On a more dangerous note, amidst lack of transparency on part of the government and a lot of noise from provinces other than Punjab, this all important investment bonanza for Pakistan may fast be becoming controversial. An absence of a professional and autonomous apex board for overlooking all CPEC activities is not helping things either. In addition, it is unfortunate, as it appears that both the Pakistani and Chinese marketers of this project are losing the plot of successfully creating a positive perception on CPEC. In a recent sitting with the Pakistani business people the Chinese ambassador to Pakistan Sun Weidong callously stated that China has little interest in importing goods manufactured in Pakistan. Explaining the reasons to a gathering of leaders of the Federation of Pakistan Chambers of Commerce and Industry (FPCCI) in Islamabad, he opined that behind the China-Pakistan trade imbalance the main cause relates to the fact that Pakistan is either just not producing the goods that are needed in China or it simply does not have the capacity to do so. He admitted that under the current circumstances, unless there is a major policy shift in Pakistan or China, the Chinese corporations would acquire the major chunk of the resultant economic activity. The thinking confirms rising concerns that Pakistani businesses may have little to gain from the much-hyped China-Pakistan Economic Corridor (CPEC) because it would largely benefit Chinese businesses.

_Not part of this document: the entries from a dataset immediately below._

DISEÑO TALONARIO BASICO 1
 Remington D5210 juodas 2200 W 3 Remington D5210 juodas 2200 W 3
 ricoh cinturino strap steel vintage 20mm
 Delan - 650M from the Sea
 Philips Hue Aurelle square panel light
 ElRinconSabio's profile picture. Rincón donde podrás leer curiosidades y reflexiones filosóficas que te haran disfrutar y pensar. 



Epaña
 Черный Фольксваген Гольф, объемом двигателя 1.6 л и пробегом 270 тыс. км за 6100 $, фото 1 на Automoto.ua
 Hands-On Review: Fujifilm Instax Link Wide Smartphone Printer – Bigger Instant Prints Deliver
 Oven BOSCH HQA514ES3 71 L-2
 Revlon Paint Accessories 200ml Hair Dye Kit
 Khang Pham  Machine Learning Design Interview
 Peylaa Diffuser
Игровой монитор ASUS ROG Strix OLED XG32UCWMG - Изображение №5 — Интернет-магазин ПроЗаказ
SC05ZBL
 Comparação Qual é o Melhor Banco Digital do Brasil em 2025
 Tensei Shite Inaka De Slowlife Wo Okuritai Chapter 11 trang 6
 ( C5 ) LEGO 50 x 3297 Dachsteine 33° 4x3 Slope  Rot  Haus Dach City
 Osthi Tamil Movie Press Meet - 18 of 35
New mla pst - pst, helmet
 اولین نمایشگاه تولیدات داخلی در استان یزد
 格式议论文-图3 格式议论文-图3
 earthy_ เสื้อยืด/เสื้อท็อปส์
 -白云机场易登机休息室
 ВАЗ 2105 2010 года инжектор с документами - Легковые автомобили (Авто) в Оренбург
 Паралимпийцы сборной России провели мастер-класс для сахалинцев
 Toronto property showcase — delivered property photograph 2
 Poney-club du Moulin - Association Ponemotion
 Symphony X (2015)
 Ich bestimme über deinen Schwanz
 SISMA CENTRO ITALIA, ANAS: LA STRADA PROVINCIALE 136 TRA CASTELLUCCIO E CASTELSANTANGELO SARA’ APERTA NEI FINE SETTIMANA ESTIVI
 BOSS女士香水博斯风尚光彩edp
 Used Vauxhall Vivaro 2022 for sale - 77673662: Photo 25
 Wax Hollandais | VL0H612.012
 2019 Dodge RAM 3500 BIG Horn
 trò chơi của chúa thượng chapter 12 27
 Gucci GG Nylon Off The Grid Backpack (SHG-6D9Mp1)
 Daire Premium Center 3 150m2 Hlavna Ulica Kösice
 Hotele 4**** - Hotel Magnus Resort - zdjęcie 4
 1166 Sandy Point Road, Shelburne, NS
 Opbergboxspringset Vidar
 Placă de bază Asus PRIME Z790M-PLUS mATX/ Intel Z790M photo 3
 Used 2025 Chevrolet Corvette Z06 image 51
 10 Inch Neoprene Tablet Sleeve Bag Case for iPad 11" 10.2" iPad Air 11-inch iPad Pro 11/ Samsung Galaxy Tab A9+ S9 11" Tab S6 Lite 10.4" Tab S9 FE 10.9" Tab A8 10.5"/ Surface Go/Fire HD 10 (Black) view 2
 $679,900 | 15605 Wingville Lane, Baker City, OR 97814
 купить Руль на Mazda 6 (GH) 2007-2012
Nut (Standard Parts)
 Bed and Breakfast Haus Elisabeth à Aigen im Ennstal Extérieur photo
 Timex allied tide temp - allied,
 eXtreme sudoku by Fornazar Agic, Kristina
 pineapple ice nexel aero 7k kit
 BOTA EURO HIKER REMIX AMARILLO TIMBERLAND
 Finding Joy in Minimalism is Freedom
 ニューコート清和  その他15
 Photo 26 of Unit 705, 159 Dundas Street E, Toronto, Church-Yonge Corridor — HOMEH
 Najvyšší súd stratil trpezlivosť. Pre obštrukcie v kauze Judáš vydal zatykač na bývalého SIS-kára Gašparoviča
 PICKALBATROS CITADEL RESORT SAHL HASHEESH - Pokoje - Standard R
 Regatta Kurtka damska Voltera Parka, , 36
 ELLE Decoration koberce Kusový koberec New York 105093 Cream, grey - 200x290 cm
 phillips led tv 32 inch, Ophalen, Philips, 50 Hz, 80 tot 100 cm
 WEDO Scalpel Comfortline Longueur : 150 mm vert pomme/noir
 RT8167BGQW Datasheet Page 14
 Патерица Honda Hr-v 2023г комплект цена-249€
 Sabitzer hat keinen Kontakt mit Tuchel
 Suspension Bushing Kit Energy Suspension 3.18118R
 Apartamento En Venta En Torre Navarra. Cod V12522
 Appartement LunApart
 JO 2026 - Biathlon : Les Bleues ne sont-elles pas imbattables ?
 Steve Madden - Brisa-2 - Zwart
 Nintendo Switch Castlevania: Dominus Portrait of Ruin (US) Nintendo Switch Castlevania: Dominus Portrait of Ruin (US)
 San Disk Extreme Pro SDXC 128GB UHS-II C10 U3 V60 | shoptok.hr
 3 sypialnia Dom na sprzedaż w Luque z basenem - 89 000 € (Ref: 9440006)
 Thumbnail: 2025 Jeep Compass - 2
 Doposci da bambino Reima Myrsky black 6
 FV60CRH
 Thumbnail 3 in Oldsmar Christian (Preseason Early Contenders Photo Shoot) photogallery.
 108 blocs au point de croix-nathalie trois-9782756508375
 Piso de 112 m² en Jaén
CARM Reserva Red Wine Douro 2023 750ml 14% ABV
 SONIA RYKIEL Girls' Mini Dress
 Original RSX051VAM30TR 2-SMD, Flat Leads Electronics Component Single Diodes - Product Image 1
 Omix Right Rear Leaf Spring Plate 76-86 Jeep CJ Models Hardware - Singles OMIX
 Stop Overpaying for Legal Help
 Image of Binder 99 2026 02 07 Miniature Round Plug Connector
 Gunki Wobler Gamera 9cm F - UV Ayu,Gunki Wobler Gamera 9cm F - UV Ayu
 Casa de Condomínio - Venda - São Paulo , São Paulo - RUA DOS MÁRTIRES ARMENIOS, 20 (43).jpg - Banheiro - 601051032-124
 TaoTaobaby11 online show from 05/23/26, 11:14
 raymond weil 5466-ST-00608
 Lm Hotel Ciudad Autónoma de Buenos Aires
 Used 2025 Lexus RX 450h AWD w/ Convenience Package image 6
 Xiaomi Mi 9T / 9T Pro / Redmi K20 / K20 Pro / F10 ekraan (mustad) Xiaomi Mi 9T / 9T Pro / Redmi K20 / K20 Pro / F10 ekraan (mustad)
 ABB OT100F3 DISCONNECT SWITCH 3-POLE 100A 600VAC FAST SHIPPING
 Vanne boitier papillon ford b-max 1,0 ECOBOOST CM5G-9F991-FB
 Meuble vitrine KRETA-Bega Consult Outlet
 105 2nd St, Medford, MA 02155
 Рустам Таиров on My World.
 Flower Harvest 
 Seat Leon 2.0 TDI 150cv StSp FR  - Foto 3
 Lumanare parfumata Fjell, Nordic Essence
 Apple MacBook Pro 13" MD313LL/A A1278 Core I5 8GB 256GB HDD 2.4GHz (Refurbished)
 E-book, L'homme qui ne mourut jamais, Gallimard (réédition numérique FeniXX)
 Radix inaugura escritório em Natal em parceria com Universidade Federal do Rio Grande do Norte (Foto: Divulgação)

Pakistan’s exports to China have been continuously falling from US $ 2.69 in 2013-14 to US $ 1.9 billion in 2015-16. There is a fear lurking in the shadows of CPEC that a time will soon come when the Chinese will start dictating terms and priorities rather than negotiating them. As an increasing number of Chinese enterprises acquire stakes in Pakistan’s economy, and as the government takes out more and more loans from Chinese state-owned banks for the balance of payments support, the space to negotiate and protect Pakistan interests diminishes.